Work item = Reproduce, without alteration, every line of the data; exclude the images.

Short web captions
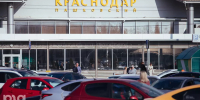 © Фото Антона Быкова, Юга.ру - Yuga.Ru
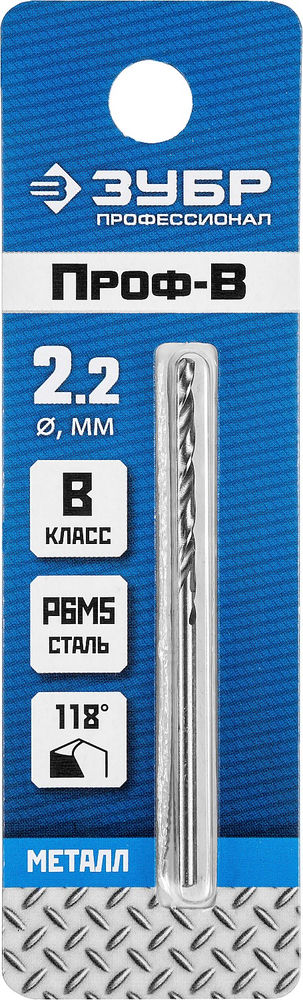 Сверло по металлу 2.2 x 53 мм сталь Р6М5 класс В ЗУБР ПРОФ-В Профессионал 29621-2.2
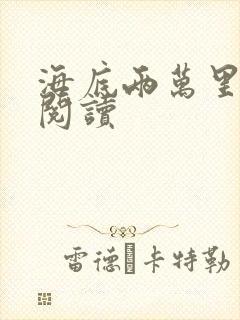 海底两万里在线阅读
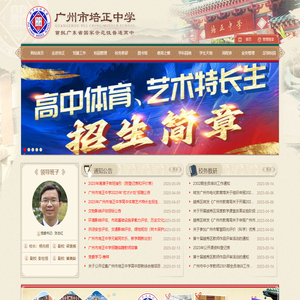 首页-广州市培正中学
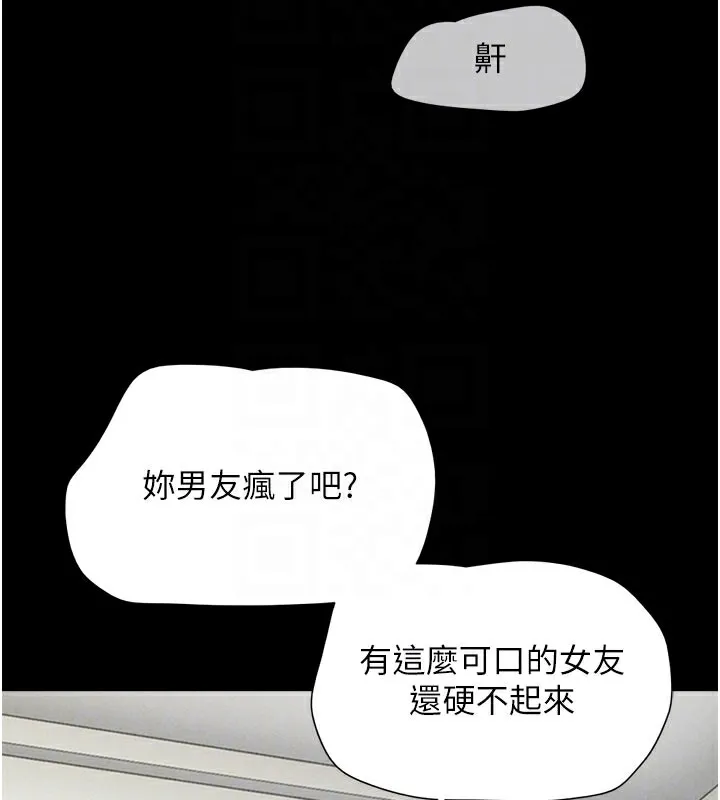 韶恩 第120页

Solution to this task =
 © Фото Антона Быкова, Юга.ру - Yuga.Ru
 Сверло по металлу 2.2 x 53 мм сталь Р6М5 класс В ЗУБР ПРОФ-В Профессионал 29621-2.2
 海底两万里在线阅读
 首页-广州市培正中学
 韶恩 第120页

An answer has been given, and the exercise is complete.